But the mountains! The ocean! You’re never far from either in this city, known to Brazilians as the “island of magic.” While Florianopolis (handily shortened toFloripa map 2 Floripa) is a state capital and has close to half a million people, it’s more a collection of small towns than a standard city, thanks to said mountains. With forty-two gracefully curved beaches, a salt-water lagoon, sand dunes, one of Brazil’s largest universities, restaurants to suit every palate, flashy bars, and old fishing villages dating from colonial days, the island has enough variety to sustain a lifetime of exploration.

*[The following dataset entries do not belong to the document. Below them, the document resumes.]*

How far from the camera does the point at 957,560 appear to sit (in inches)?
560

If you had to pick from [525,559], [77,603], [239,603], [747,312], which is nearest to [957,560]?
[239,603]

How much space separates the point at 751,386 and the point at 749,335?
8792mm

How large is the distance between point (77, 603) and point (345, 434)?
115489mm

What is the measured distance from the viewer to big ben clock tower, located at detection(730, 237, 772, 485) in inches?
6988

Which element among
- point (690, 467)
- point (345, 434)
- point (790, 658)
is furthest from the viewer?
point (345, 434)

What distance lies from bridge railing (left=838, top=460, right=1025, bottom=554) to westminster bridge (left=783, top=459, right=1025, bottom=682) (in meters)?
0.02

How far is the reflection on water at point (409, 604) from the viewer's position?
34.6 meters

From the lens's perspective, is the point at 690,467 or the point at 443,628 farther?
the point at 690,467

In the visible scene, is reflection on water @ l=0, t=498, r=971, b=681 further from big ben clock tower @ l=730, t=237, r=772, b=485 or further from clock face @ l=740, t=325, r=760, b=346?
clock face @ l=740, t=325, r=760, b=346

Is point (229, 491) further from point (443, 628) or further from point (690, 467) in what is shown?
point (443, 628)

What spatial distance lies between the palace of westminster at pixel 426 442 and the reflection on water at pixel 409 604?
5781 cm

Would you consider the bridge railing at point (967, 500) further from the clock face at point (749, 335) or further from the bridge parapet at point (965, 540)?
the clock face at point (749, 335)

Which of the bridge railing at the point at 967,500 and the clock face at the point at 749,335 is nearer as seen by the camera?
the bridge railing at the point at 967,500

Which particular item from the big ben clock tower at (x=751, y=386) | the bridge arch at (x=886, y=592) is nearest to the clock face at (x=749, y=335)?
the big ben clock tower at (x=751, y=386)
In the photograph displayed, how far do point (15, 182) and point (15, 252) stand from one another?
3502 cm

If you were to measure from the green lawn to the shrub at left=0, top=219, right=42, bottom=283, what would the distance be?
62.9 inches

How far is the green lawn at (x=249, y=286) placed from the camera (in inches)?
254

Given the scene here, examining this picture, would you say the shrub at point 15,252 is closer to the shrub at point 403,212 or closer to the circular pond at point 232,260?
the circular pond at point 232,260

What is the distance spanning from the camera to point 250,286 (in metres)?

But I wouldn’t get to enjoy any of it unless I pushed myself. Unless I risked falling flat on my face. Well, I had plenty of experience in that department. Face-plants it would be, then.

Within a week of arrival I had an invitation to a beach and to a bar, where a local Samba band stole my heart. “Nas coisas do amor, temos que cuidar, mas não cuidar demais,” the lead singer crooned. In matters of love, we have to be careful, but not too careful.

She might as well have been singing about travel.

#solotravel  #sixtyplus  #portuguese  #florianópolis  #brazil  #brasil

27 thoughts on “That’s So Brazil

  1. Wonderful! I am ALL IN for the vicarious experience…. faceplants and all. You’re a rock star. Keep exploring. Keep thriving. Keep LIVING. And, keep sharing.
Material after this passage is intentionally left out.